Hello everyone. It has been a long time since my last entry. There is no valid excuse– as Bambi’s mom said, if you don’t have anything good to say, don’t say anything at all. But maybe I do have something valid to discuss with you.
Seriously, this has been an interesting period for identity and access management systems over the past few months. I get the sense that we’re at one of those inflection points regarding a market, a method, a discipline– however you as a customer care to define IAM. I just am beginning to get the sense (a perception, Earl– are you talking about a perception here? See my last blog on Novell) that unless we rethink this entire business of IAM, we’re going to make some fundamentally serious mistakes in servicing the enterprise.
The current ‘model’ for IAM just doesn’t appear to work. I put the word model in single quotation marks because it is such an overused term, I didn’t want you to take it literally– I wanted you to think of method, or process, of organization, of approach. For one thing, I’m concerned that we are trying to institutionalize a technology approach to this issue, when technology is not the ‘model’ we should be leading us at all.

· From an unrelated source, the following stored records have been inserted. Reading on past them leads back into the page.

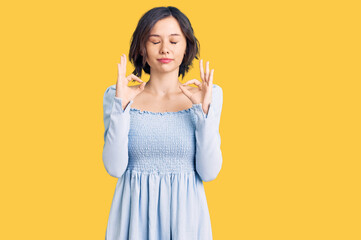 Young beautiful girl wearing casual clothes relaxed and smiling with eyes closed doing meditation gesture with fingers. yoga concept.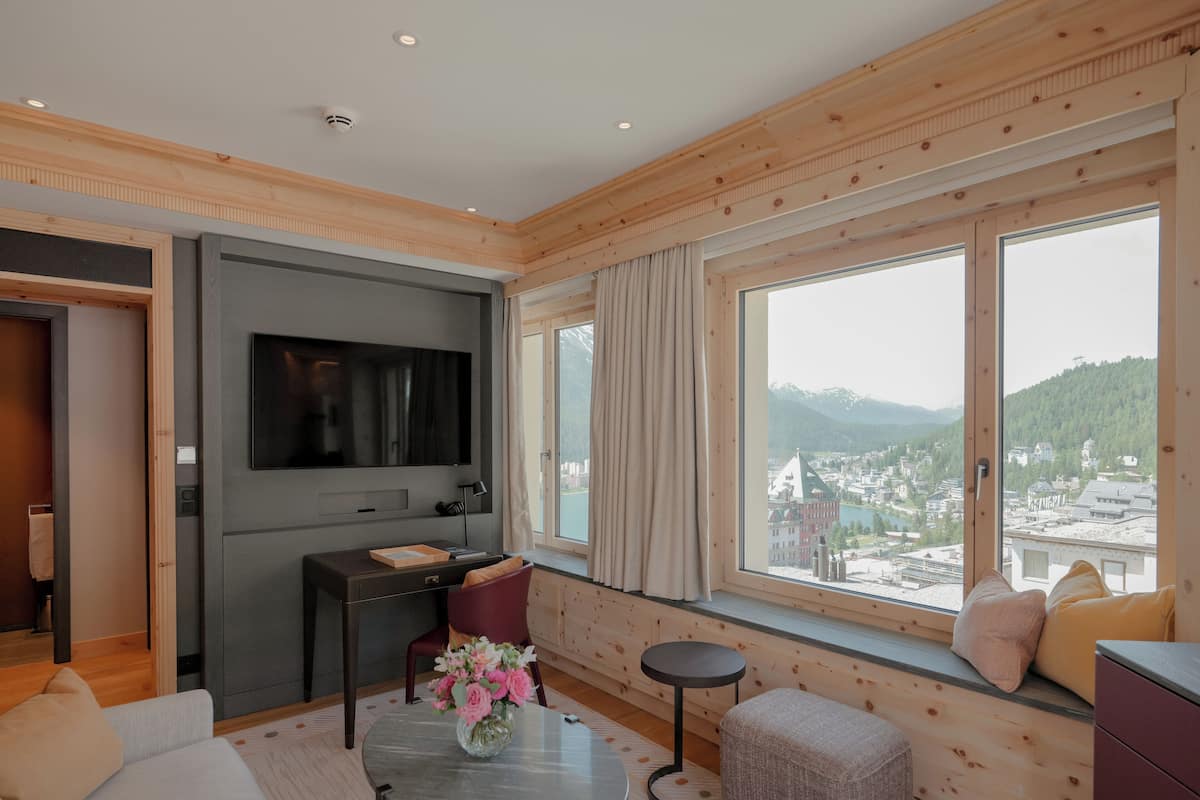 A modern hotel room with a large window offering a city view, a flat-screen TV, a small round table with a vase of flowers, and a cozy seating area.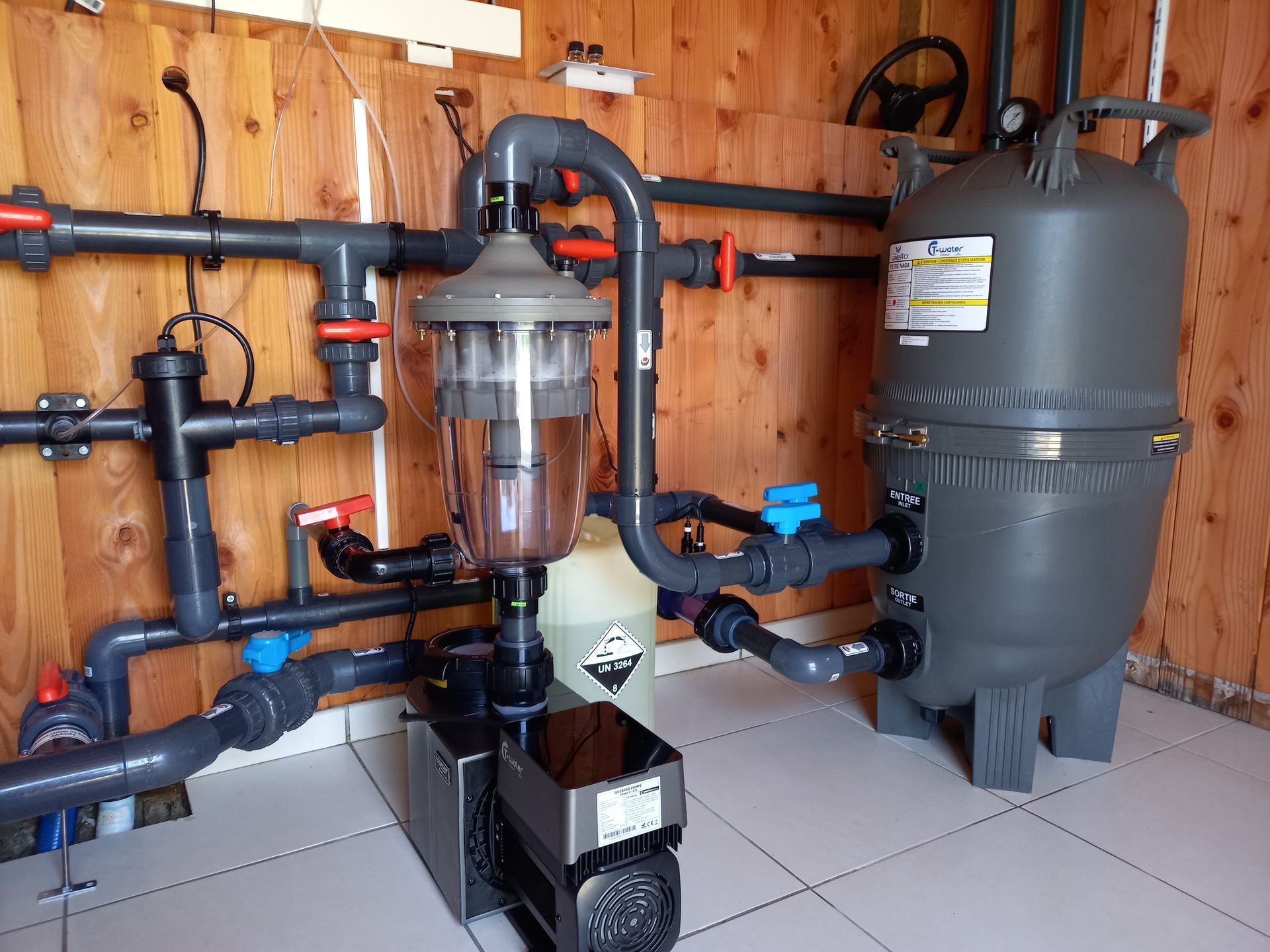 Système de filtration de piscine avec pompe, réservoir de filtre et tuyauterie contre les panneaux de bois.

IAM really isn’t a technology issue. The roots of IAM problems may be in technology, and some technology implementations have actually caused IAM to be talked about as a separate discipline (e.g. the way we use and handle passwords for access), but many of us miss a fundamental issue with IAM– we tend to seek an external answer to what is essentially an internal issue.
What in the world do I mean? IAM has been part of our technology solutions all along. The problem is we have too many of them, clever and kludgy, diverse and standard, existing at all layers of IT infrastructure and software. Everywhere we look, some application is making an authorization decision, or some operating system is making an authentication decision, some non-IAM software is printing an IAM report or monitoring an IAM event. IAM is everywhere– and nowhere, particularly if you’re wearing your technology glasses.
Well, take them off for a minute, and put some other types of glasses on. Your resource planning lens may look at this as an issue of knowing who is using a resource, proving that you know, and making sure it’s the right resource for the right person to do their job– and no more. Your organizational lens may reveal how much time, money, and effort it takes to find out who is accountable and responsible for handing out access entitlements, for reporting, for enforcing. Your compliance lens may want to align what you know about all types of people (employees, contractors, partners, customers) and their access based on what laws and regulations say they can and cannot access.
Just like in architecture there are different slices and views of the same issue, there are many roads to a decision about what IAM should look like for an enterprise. IAM isn’t that much about delivering the technology to achieve that look– it’s the journey to get to the look itself. Formalize that journey, make it a consistent, measurable, quality journey, and you got yourself IAM. Incorporate it into mature processes, organizational structure, and operations, and you have yourself effective IAM.
So what– I’m not really saying anything new here. It has been written about over and over. What I am trying to expand on is that the current technology-driven approach the market takes to ‘delivering’ IAM is flawed, and needs a rethink and a fresh approach. Some companies and institutions have already done this, with promising results. I’m also a believer in the minimalist approach to solving issues like this, mainly because that approach allows a multi-staged journey to complexity— if it’s needed. Starting out with complex, heavily-featured products and endless discussions about integration are a sure sign that you better hide your wallet.
This has just been some rambling observations (perceptions) about the state of IAM. I’d like to hear your own ramblings as well.